CBS’s New Camera Angles Could Impact SEC Football Games

When the SEC on CBS debuts this Saturday, a set of new camera angles will do more than offer fans a new view of the action; they could also play a key role in the outcome of games in, what is considered by many to be, the most powerful conference in college football.

CBS will be moving a pair of robotic cameras that, last year, were located atop the goal posts to positions in the stadium at goal-line extended to ensure that all shots of players breaking the plane provide a clear, parallel view for fans and referees alike.

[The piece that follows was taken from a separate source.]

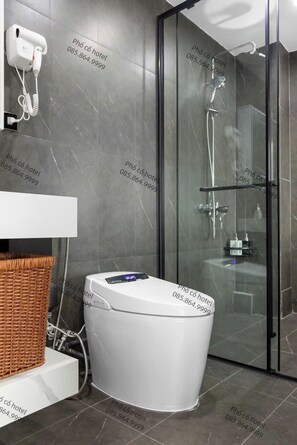 Luxury Double Room, 1 King Bed, Balcony, Lake View | Bathroom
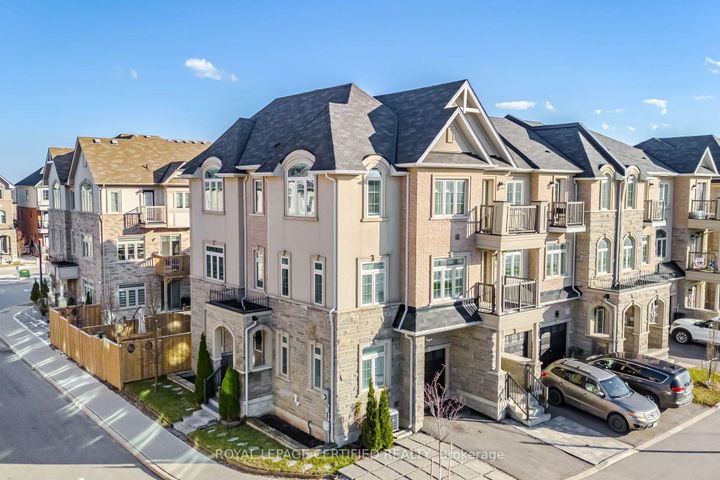 Photo 1 at 75 Borers Creek Circle, Waterdown, Hamilton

These shots will be critical in addressing controversies that arise on what Craig Silver, coordinating producer, college football, at CBS, calls “flip-the-field plays.”

“Your cart camera, which is normally on the goal line, is not there,” he says, citing James Harrison’s interception return just before halftime of Super Bowl XLIII as a prime example. “Almost nobody has a permanent camera on the goal line no matter how many cameras you have, and how many games do you have to have a definitive look [on a play]?”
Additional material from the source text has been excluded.